Write out all of the lines below, exactly and completely.

(Materials provided Opens)

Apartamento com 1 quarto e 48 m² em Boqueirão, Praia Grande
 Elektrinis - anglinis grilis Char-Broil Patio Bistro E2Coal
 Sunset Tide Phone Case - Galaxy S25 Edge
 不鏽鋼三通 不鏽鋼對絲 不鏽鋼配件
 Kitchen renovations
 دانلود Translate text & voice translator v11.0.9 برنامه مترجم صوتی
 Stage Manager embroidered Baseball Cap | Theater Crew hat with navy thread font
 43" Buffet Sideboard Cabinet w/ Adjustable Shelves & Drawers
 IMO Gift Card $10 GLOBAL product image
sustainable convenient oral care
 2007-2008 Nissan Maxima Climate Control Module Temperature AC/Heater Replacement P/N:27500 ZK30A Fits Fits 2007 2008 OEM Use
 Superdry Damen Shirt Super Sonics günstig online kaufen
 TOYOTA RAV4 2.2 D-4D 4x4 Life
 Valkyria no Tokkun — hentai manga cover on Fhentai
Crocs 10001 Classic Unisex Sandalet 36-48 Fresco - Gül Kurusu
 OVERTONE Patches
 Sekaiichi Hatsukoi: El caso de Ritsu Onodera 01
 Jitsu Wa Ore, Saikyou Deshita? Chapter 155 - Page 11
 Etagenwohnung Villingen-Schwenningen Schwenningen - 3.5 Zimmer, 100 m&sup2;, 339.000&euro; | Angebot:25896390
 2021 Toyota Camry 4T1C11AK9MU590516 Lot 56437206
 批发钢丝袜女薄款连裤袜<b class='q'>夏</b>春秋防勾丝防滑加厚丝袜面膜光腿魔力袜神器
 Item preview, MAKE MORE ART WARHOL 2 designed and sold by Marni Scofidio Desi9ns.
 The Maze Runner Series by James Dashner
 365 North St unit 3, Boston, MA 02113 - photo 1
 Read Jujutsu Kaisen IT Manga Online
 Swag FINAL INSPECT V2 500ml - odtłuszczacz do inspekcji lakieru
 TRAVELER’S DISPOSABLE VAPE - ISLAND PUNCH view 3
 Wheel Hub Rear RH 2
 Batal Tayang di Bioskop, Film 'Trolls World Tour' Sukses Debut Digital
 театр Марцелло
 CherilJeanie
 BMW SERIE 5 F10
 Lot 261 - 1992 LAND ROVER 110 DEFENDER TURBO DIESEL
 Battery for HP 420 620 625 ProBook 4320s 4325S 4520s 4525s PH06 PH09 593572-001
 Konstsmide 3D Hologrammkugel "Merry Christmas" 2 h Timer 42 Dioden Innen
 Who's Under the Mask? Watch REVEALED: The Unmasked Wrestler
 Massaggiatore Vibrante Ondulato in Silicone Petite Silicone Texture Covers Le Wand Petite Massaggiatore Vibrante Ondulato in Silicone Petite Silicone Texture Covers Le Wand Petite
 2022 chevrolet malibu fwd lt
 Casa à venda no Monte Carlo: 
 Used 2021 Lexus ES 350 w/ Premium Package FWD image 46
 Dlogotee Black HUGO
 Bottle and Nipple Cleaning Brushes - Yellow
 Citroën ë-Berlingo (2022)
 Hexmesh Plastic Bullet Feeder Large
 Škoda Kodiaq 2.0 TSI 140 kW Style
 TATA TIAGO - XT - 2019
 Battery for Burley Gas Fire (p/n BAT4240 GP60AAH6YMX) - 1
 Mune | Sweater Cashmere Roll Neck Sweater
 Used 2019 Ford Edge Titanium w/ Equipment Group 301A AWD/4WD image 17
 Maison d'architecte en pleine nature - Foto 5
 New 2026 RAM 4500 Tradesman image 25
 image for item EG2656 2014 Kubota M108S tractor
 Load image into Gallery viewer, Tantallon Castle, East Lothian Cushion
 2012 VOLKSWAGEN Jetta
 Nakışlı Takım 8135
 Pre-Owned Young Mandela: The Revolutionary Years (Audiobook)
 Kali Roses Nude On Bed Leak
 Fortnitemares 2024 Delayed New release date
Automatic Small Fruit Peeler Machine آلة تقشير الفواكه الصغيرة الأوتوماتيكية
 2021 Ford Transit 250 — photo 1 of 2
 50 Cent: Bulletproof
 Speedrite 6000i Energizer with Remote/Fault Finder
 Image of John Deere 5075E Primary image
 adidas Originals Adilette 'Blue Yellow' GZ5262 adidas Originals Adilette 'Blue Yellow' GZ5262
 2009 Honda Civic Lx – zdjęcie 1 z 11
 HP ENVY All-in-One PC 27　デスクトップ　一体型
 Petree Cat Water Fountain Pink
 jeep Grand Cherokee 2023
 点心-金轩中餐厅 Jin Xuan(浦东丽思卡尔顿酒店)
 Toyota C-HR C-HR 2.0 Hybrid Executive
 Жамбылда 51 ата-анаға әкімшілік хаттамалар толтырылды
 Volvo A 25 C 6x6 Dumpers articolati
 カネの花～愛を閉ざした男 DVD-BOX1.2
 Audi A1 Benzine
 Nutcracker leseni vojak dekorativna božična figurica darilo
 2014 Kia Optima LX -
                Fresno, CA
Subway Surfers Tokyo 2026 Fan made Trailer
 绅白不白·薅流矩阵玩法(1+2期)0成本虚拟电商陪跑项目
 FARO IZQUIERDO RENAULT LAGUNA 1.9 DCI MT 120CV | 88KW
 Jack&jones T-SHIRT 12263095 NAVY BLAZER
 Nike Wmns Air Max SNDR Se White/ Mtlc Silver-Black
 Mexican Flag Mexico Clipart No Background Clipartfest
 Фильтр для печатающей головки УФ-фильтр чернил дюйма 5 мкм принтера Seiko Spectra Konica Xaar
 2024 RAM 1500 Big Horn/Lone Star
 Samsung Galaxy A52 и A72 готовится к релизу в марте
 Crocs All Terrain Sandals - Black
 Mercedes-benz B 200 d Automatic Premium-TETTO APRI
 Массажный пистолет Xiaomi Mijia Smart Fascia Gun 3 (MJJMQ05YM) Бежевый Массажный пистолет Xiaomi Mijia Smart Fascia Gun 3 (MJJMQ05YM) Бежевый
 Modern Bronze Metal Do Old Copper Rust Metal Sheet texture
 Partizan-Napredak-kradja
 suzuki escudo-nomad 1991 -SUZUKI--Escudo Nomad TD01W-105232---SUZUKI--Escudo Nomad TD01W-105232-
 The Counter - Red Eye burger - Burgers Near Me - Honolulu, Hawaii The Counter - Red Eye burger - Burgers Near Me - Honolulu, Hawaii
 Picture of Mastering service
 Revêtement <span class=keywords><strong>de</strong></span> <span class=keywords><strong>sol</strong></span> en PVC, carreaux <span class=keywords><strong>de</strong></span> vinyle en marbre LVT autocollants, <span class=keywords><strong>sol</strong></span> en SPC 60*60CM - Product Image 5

(Materials provided Closes)

■ **Written solution**:
Apartamento com 1 quarto e 48 m² em Boqueirão, Praia Grande
 Elektrinis - anglinis grilis Char-Broil Patio Bistro E2Coal
 Sunset Tide Phone Case - Galaxy S25 Edge
 不鏽鋼三通 不鏽鋼對絲 不鏽鋼配件
 Kitchen renovations
 دانلود Translate text & voice translator v11.0.9 برنامه مترجم صوتی
 Stage Manager embroidered Baseball Cap | Theater Crew hat with navy thread font
 43" Buffet Sideboard Cabinet w/ Adjustable Shelves & Drawers
 IMO Gift Card $10 GLOBAL product image
sustainable convenient oral care
 2007-2008 Nissan Maxima Climate Control Module Temperature AC/Heater Replacement P/N:27500 ZK30A Fits Fits 2007 2008 OEM Use
 Superdry Damen Shirt Super Sonics günstig online kaufen
 TOYOTA RAV4 2.2 D-4D 4x4 Life
 Valkyria no Tokkun — hentai manga cover on Fhentai
Crocs 10001 Classic Unisex Sandalet 36-48 Fresco - Gül Kurusu
 OVERTONE Patches
 Sekaiichi Hatsukoi: El caso de Ritsu Onodera 01
 Jitsu Wa Ore, Saikyou Deshita? Chapter 155 - Page 11
 Etagenwohnung Villingen-Schwenningen Schwenningen - 3.5 Zimmer, 100 m&sup2;, 339.000&euro; | Angebot:25896390
 2021 Toyota Camry 4T1C11AK9MU590516 Lot 56437206
 批发钢丝袜女薄款连裤袜<b class='q'>夏</b>春秋防勾丝防滑加厚丝袜面膜光腿魔力袜神器
 Item preview, MAKE MORE ART WARHOL 2 designed and sold by Marni Scofidio Desi9ns.
 The Maze Runner Series by James Dashner
 365 North St unit 3, Boston, MA 02113 - photo 1
 Read Jujutsu Kaisen IT Manga Online
 Swag FINAL INSPECT V2 500ml - odtłuszczacz do inspekcji lakieru
 TRAVELER’S DISPOSABLE VAPE - ISLAND PUNCH view 3
 Wheel Hub Rear RH 2
 Batal Tayang di Bioskop, Film 'Trolls World Tour' Sukses Debut Digital
 театр Марцелло
 CherilJeanie
 BMW SERIE 5 F10
 Lot 261 - 1992 LAND ROVER 110 DEFENDER TURBO DIESEL
 Battery for HP 420 620 625 ProBook 4320s 4325S 4520s 4525s PH06 PH09 593572-001
 Konstsmide 3D Hologrammkugel "Merry Christmas" 2 h Timer 42 Dioden Innen
 Who's Under the Mask? Watch REVEALED: The Unmasked Wrestler
 Massaggiatore Vibrante Ondulato in Silicone Petite Silicone Texture Covers Le Wand Petite Massaggiatore Vibrante Ondulato in Silicone Petite Silicone Texture Covers Le Wand Petite
 2022 chevrolet malibu fwd lt
 Casa à venda no Monte Carlo: 
 Used 2021 Lexus ES 350 w/ Premium Package FWD image 46
 Dlogotee Black HUGO
 Bottle and Nipple Cleaning Brushes - Yellow
 Citroën ë-Berlingo (2022)
 Hexmesh Plastic Bullet Feeder Large
 Škoda Kodiaq 2.0 TSI 140 kW Style
 TATA TIAGO - XT - 2019
 Battery for Burley Gas Fire (p/n BAT4240 GP60AAH6YMX) - 1
 Mune | Sweater Cashmere Roll Neck Sweater
 Used 2019 Ford Edge Titanium w/ Equipment Group 301A AWD/4WD image 17
 Maison d'architecte en pleine nature - Foto 5
 New 2026 RAM 4500 Tradesman image 25
 image for item EG2656 2014 Kubota M108S tractor
 Load image into Gallery viewer, Tantallon Castle, East Lothian Cushion
 2012 VOLKSWAGEN Jetta
 Nakışlı Takım 8135
 Pre-Owned Young Mandela: The Revolutionary Years (Audiobook)
 Kali Roses Nude On Bed Leak
 Fortnitemares 2024 Delayed New release date
Automatic Small Fruit Peeler Machine آلة تقشير الفواكه الصغيرة الأوتوماتيكية
 2021 Ford Transit 250 — photo 1 of 2
 50 Cent: Bulletproof
 Speedrite 6000i Energizer with Remote/Fault Finder
 Image of John Deere 5075E Primary image
 adidas Originals Adilette 'Blue Yellow' GZ5262 adidas Originals Adilette 'Blue Yellow' GZ5262
 2009 Honda Civic Lx – zdjęcie 1 z 11
 HP ENVY All-in-One PC 27　デスクトップ　一体型
 Petree Cat Water Fountain Pink
 jeep Grand Cherokee 2023
 点心-金轩中餐厅 Jin Xuan(浦东丽思卡尔顿酒店)
 Toyota C-HR C-HR 2.0 Hybrid Executive
 Жамбылда 51 ата-анаға әкімшілік хаттамалар толтырылды
 Volvo A 25 C 6x6 Dumpers articolati
 カネの花～愛を閉ざした男 DVD-BOX1.2
 Audi A1 Benzine
 Nutcracker leseni vojak dekorativna božična figurica darilo
 2014 Kia Optima LX -
                Fresno, CA
Subway Surfers Tokyo 2026 Fan made Trailer
 绅白不白·薅流矩阵玩法(1+2期)0成本虚拟电商陪跑项目
 FARO IZQUIERDO RENAULT LAGUNA 1.9 DCI MT 120CV | 88KW
 Jack&jones T-SHIRT 12263095 NAVY BLAZER
 Nike Wmns Air Max SNDR Se White/ Mtlc Silver-Black
 Mexican Flag Mexico Clipart No Background Clipartfest
 Фильтр для печатающей головки УФ-фильтр чернил дюйма 5 мкм принтера Seiko Spectra Konica Xaar
 2024 RAM 1500 Big Horn/Lone Star
 Samsung Galaxy A52 и A72 готовится к релизу в марте
 Crocs All Terrain Sandals - Black
 Mercedes-benz B 200 d Automatic Premium-TETTO APRI
 Массажный пистолет Xiaomi Mijia Smart Fascia Gun 3 (MJJMQ05YM) Бежевый Массажный пистолет Xiaomi Mijia Smart Fascia Gun 3 (MJJMQ05YM) Бежевый
 Modern Bronze Metal Do Old Copper Rust Metal Sheet texture
 Partizan-Napredak-kradja
 suzuki escudo-nomad 1991 -SUZUKI--Escudo Nomad TD01W-105232---SUZUKI--Escudo Nomad TD01W-105232-
 The Counter - Red Eye burger - Burgers Near Me - Honolulu, Hawaii The Counter - Red Eye burger - Burgers Near Me - Honolulu, Hawaii
 Picture of Mastering service
 Revêtement <span class=keywords><strong>de</strong></span> <span class=keywords><strong>sol</strong></span> en PVC, carreaux <span class=keywords><strong>de</strong></span> vinyle en marbre LVT autocollants, <span class=keywords><strong>sol</strong></span> en SPC 60*60CM - Product Image 5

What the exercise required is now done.